## [Work task]
Pictures aside, print all of the data below exactly as written.

[Scraped caption text data]
_ _ _ _ _ _ _

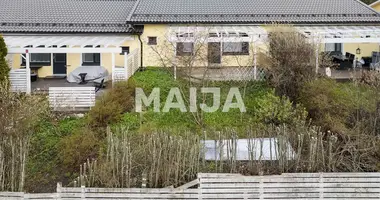 Квартира 3 комнаты в Ярвенпяа, Финляндия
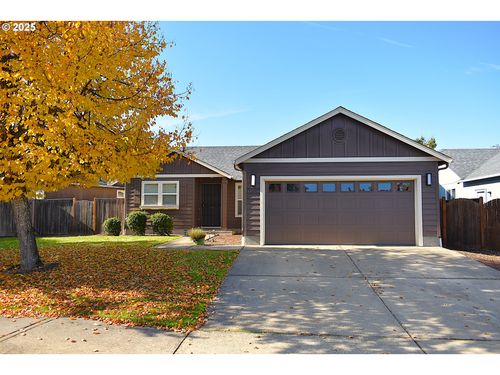 1021 S 1st St, Cottage Grove, OR, 97424-7303 | Card Image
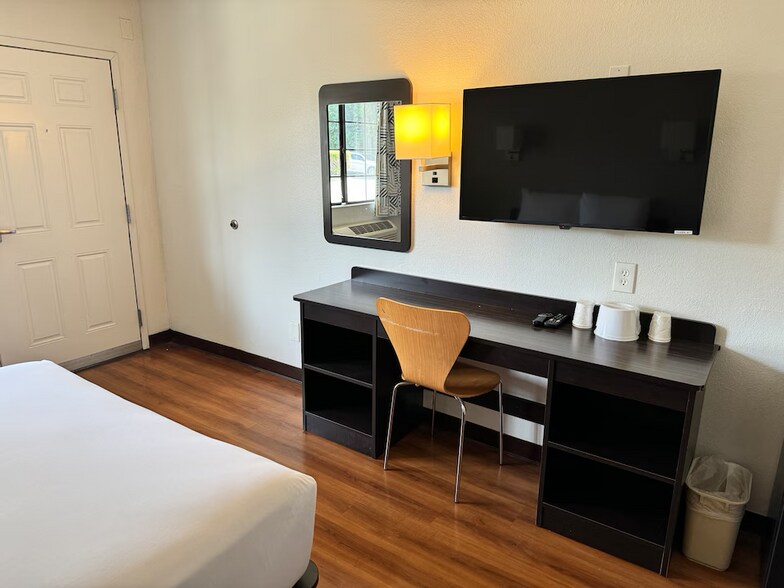 More Photos Of 2470 S Garey Ave, Pomona Hotel For Sale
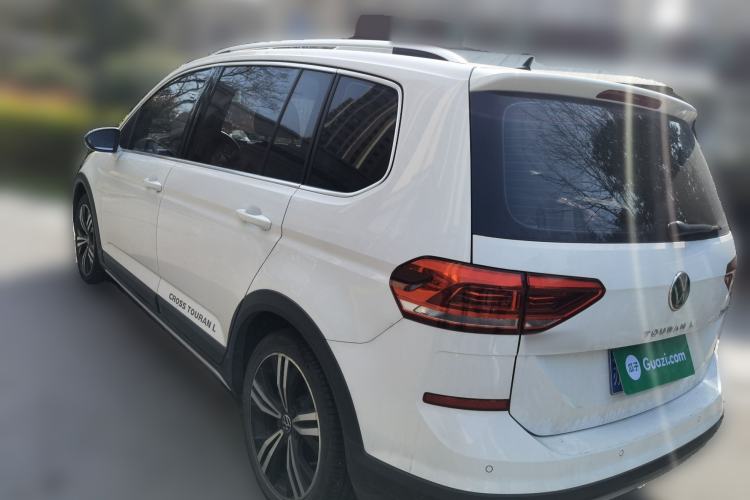 Used Volkswagen Touran 2021 Volkswagen Touran L 280TSI DSG Boundary Edition 7-Seater Exterior 3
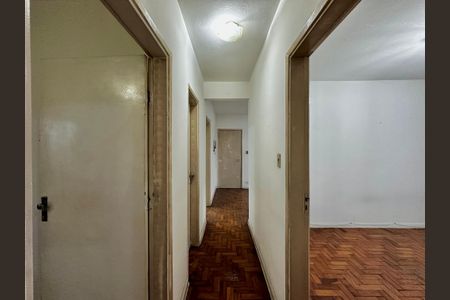 Apartamento à venda com 79m², 3 quartos e sem vagaCorredor Quartos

_ _ _ _ _ _ _

## [Solution to the exercise]
 Квартира 3 комнаты в Ярвенпяа, Финляндия
 1021 S 1st St, Cottage Grove, OR, 97424-7303 | Card Image
 More Photos Of 2470 S Garey Ave, Pomona Hotel For Sale
 Used Volkswagen Touran 2021 Volkswagen Touran L 280TSI DSG Boundary Edition 7-Seater Exterior 3
 Apartamento à venda com 79m², 3 quartos e sem vagaCorredor Quartos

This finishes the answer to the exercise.